I checked your markup using the W3C Validator.

The use of a link in the title of the post appears to be somewhat problematic in Movable Type, because the prev and next links are messed up. See for example this post at Winds of Change.

What’s strange is that compared to that Winds of Change post, your post appears to have a spurious "<a" before the <a> tag – what’s up with that? Note this gives the post it’s funny URL (ends in the first several characters of the markup for the linked URL: a_a_hrefhttplog.html ). Needless to say, the validator is not amused. (Also, you made one small error: the correct attribute is rel="alternate", not ref="alternate").

The good news is that the rosettabot specific markup in the body of the post checks out. The bad news is that while it renders fine in Firefox, the <object> tag appears as a tiny opaque box in Explorer in Win XP. My own test post does likewise. Sigh – need to go back and re-examine why the validator wants to see the <object> tag there; it really shouldn’t be needed (The XHTML 1.0 Strict DTD says I should be able to put %lists in the body of the document) and a <div class="urn:rosettabot"> or some such should serve just fine as a (styleable!) container for the rosettabot markup.

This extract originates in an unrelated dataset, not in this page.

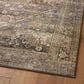 Amber Lewis x Loloi Morgan 2"3" x 11"6" Spice and Lagoon Runner, , large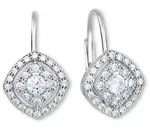 Soliter Něžné stříbrné náušnice s krystaly 436 001 00574 04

When I use "div" as a container it looks fine, but the validator complains.

As for the RDF flavor of RSS which your site syndicates, it appears everything makes it through, but wrapped up in the CDATA section, which means it would have to be "double parsed" if the RDF generator doesn’t recognize it and break it out - but then all the syndication mechanisms will likely require some kind of patching; in the meantime it doesn't break anything (a first order requirement).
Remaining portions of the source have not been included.